Un avenir sans faim

Publié le 29.03.2006 • Mis à jour le 13.02.2013

La terre, une ressource fragile et convoitée

Les petits paysans souffrent d’une pression foncière sur tous les fronts : expansion du soja, concentration, destruction des sols, déforestation

Historiquement, Santé Fé est une zone de terres peu productives était vouée à l’élevage. Aujourd’hui, on y plante aussi du soja transgénique grâce au paquet technologique de fertilisants toxiques qui permet de semer partout. Cette plante a ainsi repoussé la frontière agraire de l’Argentine, accentuant la déforestation. Santa Fé est devenue la seconde province la plus productrice de soja en Argentine. Si San Javier n’est pas la zone la plus envahie par cette culture, elle y est suffisamment répandue pour avoir des impacts sur la vie des paysans.

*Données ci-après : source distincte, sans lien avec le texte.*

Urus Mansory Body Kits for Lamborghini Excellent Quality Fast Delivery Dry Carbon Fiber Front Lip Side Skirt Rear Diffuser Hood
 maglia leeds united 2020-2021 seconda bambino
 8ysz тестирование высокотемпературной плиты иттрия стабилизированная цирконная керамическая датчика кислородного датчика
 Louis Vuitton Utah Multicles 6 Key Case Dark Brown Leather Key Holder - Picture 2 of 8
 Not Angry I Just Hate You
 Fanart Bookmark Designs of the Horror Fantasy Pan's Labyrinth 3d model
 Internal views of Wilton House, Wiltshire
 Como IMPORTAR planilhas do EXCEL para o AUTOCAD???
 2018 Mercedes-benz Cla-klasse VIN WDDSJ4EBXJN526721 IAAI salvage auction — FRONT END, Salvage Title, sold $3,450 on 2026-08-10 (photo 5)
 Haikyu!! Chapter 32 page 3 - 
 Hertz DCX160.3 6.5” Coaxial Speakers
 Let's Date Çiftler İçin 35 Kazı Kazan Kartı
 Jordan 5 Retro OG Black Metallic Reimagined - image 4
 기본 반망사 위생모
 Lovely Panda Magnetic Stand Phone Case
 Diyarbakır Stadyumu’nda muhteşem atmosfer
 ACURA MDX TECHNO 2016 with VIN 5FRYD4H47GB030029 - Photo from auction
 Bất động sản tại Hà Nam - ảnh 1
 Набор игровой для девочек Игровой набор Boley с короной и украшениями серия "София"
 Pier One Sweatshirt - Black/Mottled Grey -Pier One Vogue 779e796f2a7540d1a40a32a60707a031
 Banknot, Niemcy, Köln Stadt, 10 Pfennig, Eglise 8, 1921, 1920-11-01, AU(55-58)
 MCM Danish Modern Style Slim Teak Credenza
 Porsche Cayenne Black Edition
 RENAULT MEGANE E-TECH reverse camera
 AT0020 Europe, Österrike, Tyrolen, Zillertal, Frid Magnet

La concentration de la terre

La propriété de la terre a toujours été concentrée en Argentine, mais un nouveau processus s’est engagé avec le développement du soja : la majeure partie des terres est passée aux mains de 6000 propriétaires. Les paysans de San Javier n’ont pas connu de délogements armés comme ceux de la province de Santiago del Estero. En revanche, ils sont victimes de sortes de délogements « légaux » : ils sont obligés d’abandonner leurs terres parce que leurs superficies sont trop petites pour survivre, qu’ils n’ont pas accès aux services et à l’électricité. D’autant plus que la plupart n’ont pas de titres de propriété. Il y a bien une loi qui donne droit à la terre après vingt ans d’occupation, mais les démarches administratives et judiciaires sont coûteuses.

Épandages d’herbicides

Les petits producteurs qui se sont retrouvés coincés entre de grandes exploitations reçoivent des épandages aériens. Le soja résiste au Round up Ready (un produit à base de glyphosate commercialisé par Monsanto). Or, trois ou quatre applications de cet herbicide sont déversées par production, même les jours de vent, sans respecter la législation. Cela détruit les potagers, intoxique les animaux. On voit l’impact de l’herbicide jusque sur les arbres des villes.
Il y a eu des intoxications humaines. Car on asperge même les maisons. En plus, les chemins de terre qu’utilisent les paysans sont détruits par les camions qui transportent ces grosses récoltes. Les familles ne peuvent plus transiter, se rendre à l’hôpital. Malheureusement, il est difficile de réclamer leurs droits : la police rurale reçoit des donations des cultivateurs de soja !

La déforestation

L’impact des déforestations a été l’une des causes des inondations de Santa Fé en 2004 quand un quart de la ville a été submergée jusqu’aux toits. Beaucoup d’animaux sauvages ont perdu leur habitat naturel à cause de ces inondations, des déboisements et des épandages. Au Nord de San Javier, la situation est pire. Si bien que des paysans ont fait pression pour la promulgation d’un décret freinant la déforestation. Mais s’il a été signé, il n’est pas respecté. Les grands entrepreneurs continuent à acheter des terres et à défricher. Ils détiennent de grands capitaux, négocient avec les hommes politiques et empêchent la diffusion d’études démontrant les impacts négatifs du soja.

Gestion durable des ressources

Les habitants de San Javier ont formé une commission dénommée « Eco San Javier ». Elle travaille contre la disparition des forêts natives. Dans ce cadre, nous développons une proposition de production dans la forêt, en préservant la végétation. Il s’agit de produire en systématisant des techniques de cultures et d’élevages sur des pâturages et des champs rotatifs, sans déboiser. Nous défendons une gestion durable des ressources naturelles.

Propos recueillis par Cécile Raimbeau

Viviana Quaranta est l’une des responsables d’Action Educative, une association argentine de la province de Santa Fé. Elle soutient des familles rurales de San Javier ne cultivant qu’un à deux hectares.